Will a Solution Form?

Two substances are miscible if they are able to form a homogeneous (evenly distributed) mixture when added together in any proportion. The enthalpy of solution ($\Delta H_{\rm{soln}}$) indicates whether a solution forms when two substances are mixed. If the enthalpy of solution is less than zero, $\Delta H_{\rm{soln}}<0$, the attractive forces between solvent and solute molecules are greater than the sum of the attractive forces between like molecules, and the solution formation is exothermic. This can happen when hydrogen bonds (an attractive intermolecular force between a hydrogen atom on one molecule and a more electronegative atom on another molecule) exist between unlike molecules. When $\Delta H_{\rm{soln}}<0$, the solution will form. This is the case when two liquids are miscible or when a liquid solvent can dissolve a solid solute.

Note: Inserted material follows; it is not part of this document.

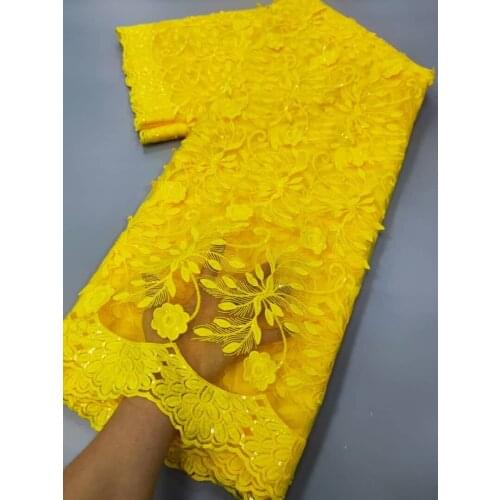 Sequined Nigerian Lace Fabric 2021 High Quality Lace Latest African Embroidery Tulle Net Lace African Lace For Wedding 5yards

A solution for which $\Delta H_{\rm{soln}}=0$ is an ideal solution. The attractive forces between solvent and solute molecules are approximately equal to the sum of the attractive forces between solvent-solvent molecules and solute-solute molecules. The solute molecules in an ideal solution are similar to the solvent molecules, as in the case of benzene (C₆H₆) and toluene (C₆H₅CH₃). Finally, when the heat needed to separate the solute-solute and solvent-solvent molecules is less than the heat released when solvent-solute molecules interact, $\Delta H_{\rm{soln}}>0$, and the solution formation is endothermic. A $\Delta H_{\rm{soln}}$ that is both large and positive indicates that the solute-solvent attractive forces are much smaller than the attractive forces between the like molecules, and a solution will not form. This is the case for water and oil. These liquids are immiscible, which means they are not able to form a homogeneous (evenly distributed) mixture when added together. The nonpolar oil molecules are not attractive enough to the water molecules to break the hydrogen bonds between the water molecules. Just because $\Delta H_{\rm{soln}}>0$, however, does not necessarily mean that a solution will not form. The dissolution of sodium chloride in water has a $\Delta H_{\rm{soln}}$ of approximately 3.88 kJ/mol, and yet table salt is readily soluble in water. This is because the entropy of the solution is greater than the entropy of the pure solute and solvent. Entropy is a measure of the disorder of a system, and the tendency of the universe is for entropy to increase, so any process that has a net increase of entropy will happen spontaneously, without external assistance. So, if $\Delta H_{\rm{soln}}$ is positive but small, dissolution is likely to occur. Molecules with similar structures have similar intermolecular forces and are therefore soluble or miscible with each other, such as HOH (water) and CH₃CH₂OH (ethyl alcohol). The familiar H₂O formula for water is written as HOH to emphasize the $\rm{{-}OH}$ group in its structure. If the intermolecular forces are significantly different, they will be immiscible, such as HOH and CH₃(CH₂)₆CH₃ (octane). Both water and ethyl alcohol have $\rm{{-}OH}$ groups that contribute to hydrogen bonding. They are both polar molecules. Octane, on the other hand, is nonpolar and has no $\rm{{-}OH}$ group. Octane is immiscible in water.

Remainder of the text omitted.